Both findings seem to contradict the predictions of the Standard Model, the dominant theory in physics that, for half a century, has explained the interactions between known forces—with the exception of gravity, and the constituent particles of matter. When there is a distinct possibility that this type of discrepancy is a real phenomenon rather than a measurement error or statistical fluctuation, physicists wonder if they’re faced with a discovery that makes it necessary to revise the model to include an unpredicted new force or particle, perhaps occurring due to some overlooked quantum interaction. This isn’t the first time the Standard Model has been put to the test. Neutrinos—particles without electrical charge that are extremely abundant in the universe—should not have mass, according to the model. But today it’s known that they do have some mass, albeit an exquisitely small amount. Other issues not explained by the theory are the existence of dark matter and dark energy, the two most abundant components of the cosmos, and the also unexplained, apparent predominance of matter over antimatter.
Muons became the focus of discussion among physicists in March, when the LHCb experiment—one of four large projects carried out at CERN, on the Franco-Swiss border near Geneva—released new results. In an article available as a preprint, (not yet peer-reviewed or accepted for publication in a scientific journal), the research team reported that the decay of particles originating from the collisions of protons inside the accelerator led to the formation of 15% less muons than electrons. Technically, this discrepancy is described as a violation of “lepton flavor universality,” predicted by the Standard Model.
Leptons are particles without strong interaction, with spin 1/2. Spin is an intrinsic property of subatomic particles that is associated with interaction with magnetic fields. The types (or flavors, in particle physics jargon) of known leptons are electrons, muons, taus, and the three distinct forms of neutrinos. “The concept of lepton flavor universality means that all the processes that lead to the formation of particles of this type, such as electrons and muons, must occur in the same proportion,” explains Brazilian experimental physicist Rafael Silva Coutinho, from the University of Zurich, who is a member of the LHCb’s international collaboration. “If our experiment is correct, we will need some new physics to explain this result.” The LHCb is an international collaboration that has around 1,500 members from 89 institutions in 19 countries. Twelve Brazilian researchers from three national institutions—the Federal University of Rio de Janeiro (UFRJ), the Brazilian Center for Physical Research (CBPF) and the Pontifical Catholic University of Rio de Janeiro (PUC-Rio)—are part of the research team.
Put simply, the experiment consists of producing collisions between beams of protons accelerated to nearly the speed of light, and observing which particles form after the collisions. One of these particles is the B meson, which has an unstable lifespan, and decays in fractions of a second. As they disintegrate, B mesons give rise to muons and electrons, among other particles. Detectors installed in the particle accelerator capture the intensity of particle formation. According to the Standard Model, the same number of electrons and muons should result from such a process. In practice, the experiment found 15% fewer muons than electrons. “Muons are relatively easy to detect,” explains physicist Murilo Rangel from UFRJ, part of the LHCb team. “Our measurement is highly unlikely to be incorrect.”

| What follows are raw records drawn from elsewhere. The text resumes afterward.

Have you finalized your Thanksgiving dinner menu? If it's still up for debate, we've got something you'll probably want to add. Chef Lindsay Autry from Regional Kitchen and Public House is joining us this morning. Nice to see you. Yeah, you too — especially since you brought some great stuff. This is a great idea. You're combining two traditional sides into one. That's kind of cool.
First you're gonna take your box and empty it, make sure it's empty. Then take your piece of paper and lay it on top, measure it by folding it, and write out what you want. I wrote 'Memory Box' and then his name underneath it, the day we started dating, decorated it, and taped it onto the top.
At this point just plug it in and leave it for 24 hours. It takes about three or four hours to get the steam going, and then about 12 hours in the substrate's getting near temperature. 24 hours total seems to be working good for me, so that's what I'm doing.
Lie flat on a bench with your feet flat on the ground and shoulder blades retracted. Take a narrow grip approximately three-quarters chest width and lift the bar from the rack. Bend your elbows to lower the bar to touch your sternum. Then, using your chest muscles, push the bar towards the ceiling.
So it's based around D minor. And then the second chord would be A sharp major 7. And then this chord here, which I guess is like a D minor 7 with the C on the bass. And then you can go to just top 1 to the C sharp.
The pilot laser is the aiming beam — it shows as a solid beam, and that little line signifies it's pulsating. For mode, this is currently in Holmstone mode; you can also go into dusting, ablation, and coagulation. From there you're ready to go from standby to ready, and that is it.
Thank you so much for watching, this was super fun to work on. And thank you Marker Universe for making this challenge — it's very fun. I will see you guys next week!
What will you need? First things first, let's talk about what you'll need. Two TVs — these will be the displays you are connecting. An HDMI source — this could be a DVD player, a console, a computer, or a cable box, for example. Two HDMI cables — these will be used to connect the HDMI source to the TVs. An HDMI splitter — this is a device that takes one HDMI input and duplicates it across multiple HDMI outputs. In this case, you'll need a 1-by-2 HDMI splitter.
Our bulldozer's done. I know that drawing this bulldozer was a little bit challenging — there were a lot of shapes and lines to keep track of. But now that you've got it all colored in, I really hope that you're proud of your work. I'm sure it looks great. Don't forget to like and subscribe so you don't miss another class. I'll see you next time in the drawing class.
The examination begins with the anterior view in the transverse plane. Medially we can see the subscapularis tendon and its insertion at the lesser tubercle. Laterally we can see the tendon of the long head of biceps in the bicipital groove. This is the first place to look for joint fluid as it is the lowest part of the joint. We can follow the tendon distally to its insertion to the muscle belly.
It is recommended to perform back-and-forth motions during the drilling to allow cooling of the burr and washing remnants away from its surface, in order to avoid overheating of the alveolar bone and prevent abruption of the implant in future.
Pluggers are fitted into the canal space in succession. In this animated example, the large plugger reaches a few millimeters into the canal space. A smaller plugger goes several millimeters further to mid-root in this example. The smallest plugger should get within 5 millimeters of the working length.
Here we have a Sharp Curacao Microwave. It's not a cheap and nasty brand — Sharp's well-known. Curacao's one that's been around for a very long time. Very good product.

The study on muons conducted at Fermilab was published in April in the journal Physical Review Letters and is part of the Muon g-2 experiment, an international collaboration that brings together 200 researchers from 35 institutions in seven countries (without participation from Brazilian institutions). Their goal is to reconstruct and refine a 2001 study conducted at Brookhaven National Laboratory in New York State, which measured for the first time an excess of muon magnetism. The main component of the equipment used at Brookhaven, a 15-meter-diameter superconducting magnetic ring, was reinstalled at Fermilab so that the experiment could be run again. By colliding protons, the Muon g-2 produces a beam of muons that circulates around the ring at close to the speed of light and interacts in its vacuum with large magnetic fields. Physicists then measure what’s known as the muons’ magnetic moment, a property that gives these particles spin and behavior similar to a small bar magnet. This parameter is calculated by the g-factor, a value very close to but greater than 2 (hence the name given to the experiment, Muon g-2).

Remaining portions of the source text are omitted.